Accept, Adapt, Learn, And Let Others Complain

“I am trying to have a right attitude for my first curling game this coming week,” I told Ed yesterday. He told me that the only frame of mind needed for curling is that you must win your game. I said maybe this would be the year I’ll have a winning attitude, but I have found that the opposing curling teams also always want to win. There is the need to face the challenge of great shots by the other side. The pressure is always on to adapt and learn to make even better-placed rocks than theirs. Being better than your competition isn’t a sure thing. Most of all, I must not complain about slow or fast ice. For an old guy like me, there are a lot of things to keep straight to have the right attitude in curling.

Ed asked me, “Have you heard how popular curling has become?” Before I could say I hadn’t heard, Ed said, “It is sweeping the nation?” Then he was able to get one more lame joke in before I could ask for mercy. Ed asked me, “What did one curling stone say to the other?” He answered again before me, “I won’t take you for granite.” Ed admitted his curling jokes have been around forever, but he felt I needed to hear them.

Ed told me that my opposing curling teams would not devote themselves to making me happy. Curling and other sports are not meant to be easy wins. Life also comes with lots of wins and losses. It is easy to brag about the triumphs and complain about the defeats, but neither boasting nor grumbling is wise. Life keeps calling us to accept our circumstances and, adapt to them, and learn from them. Our wins in life aren’t totally about us, for others and hidden circumstances also contributed our wins.

Curling is about endurance through great shots and the ones that are the opposite. It is about the joy of playing rather than being a spectator. It is about teammates at their best and their worst. A team wins or loses as one. The strongest teams are about mutual encouragement and acceptance among themselves. Good teams take time to develop. The strongest curling teams can crumble without a continual willingness to accept each other, adapt to each others’ strengths and flaws, and learn from their competition.

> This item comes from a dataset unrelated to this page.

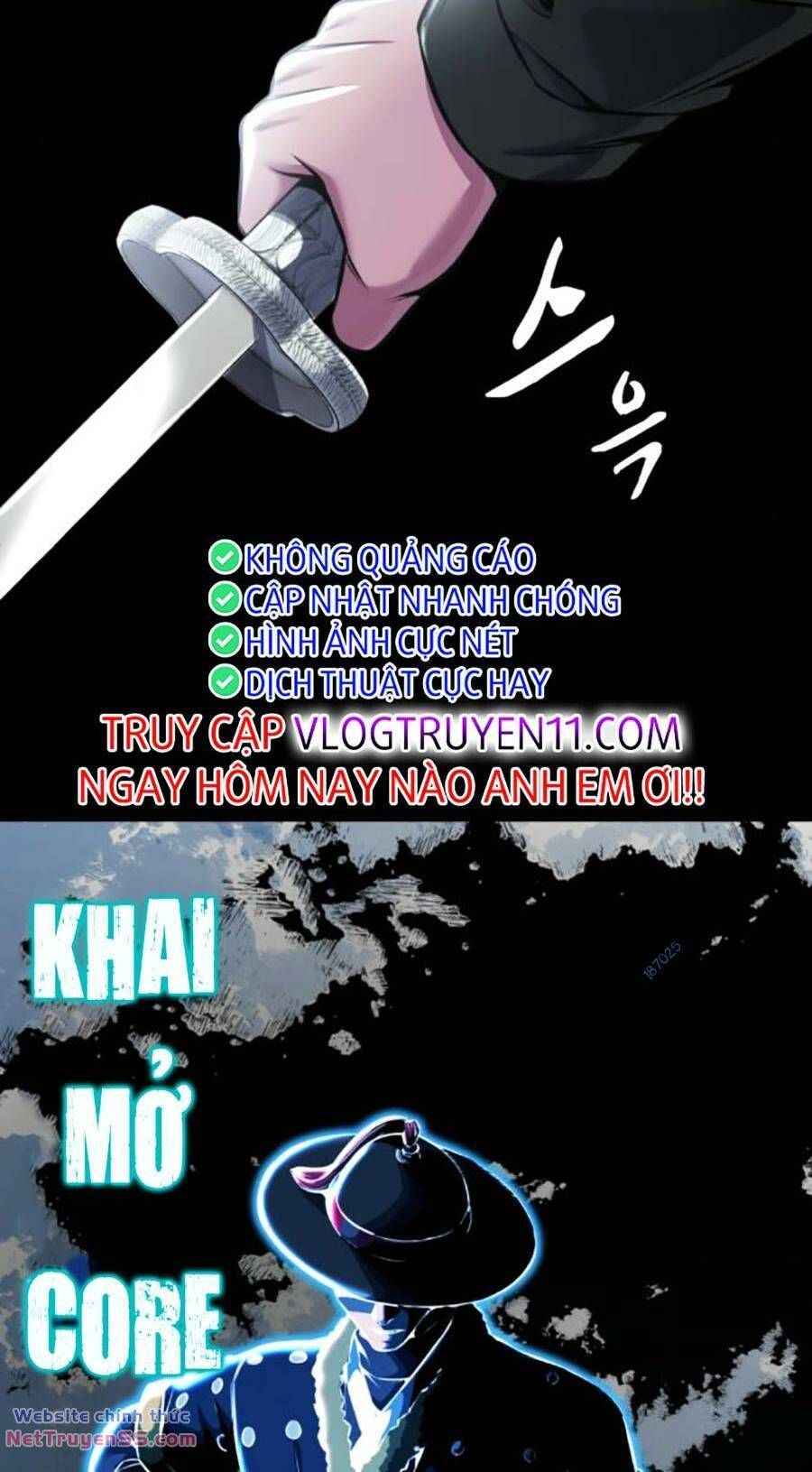 đọc truyện Cậu Bé Của Thần Chết Chương 211 ảnh 150 tại Thiên Thai Truyện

Jesus gathered a team of disciples to him on earth. Jesus himself was one with His Father in heaven, sent to win salvation for all sinners on earth. Jesus was not seeking recognition for himself. He was a servant to his Father and would bring God’s victory through suffering opposition, and death. His disciples would be His witnesses that He was and is God’s Son who won forgiveness and righteousness for all sinners.

His disciples needed to be Jesus’ witnesses, by being branches of Jesus the true vine. If they remained as branches of Jesus, they would bear much fruit. If they were not a branch of Jesus, they couldn’t bear any fruit. Together with Christ, and His Father in heaven, we bear fruit as branches on Christ’s team. It is similar, to curling where it takes the whole team to win the game.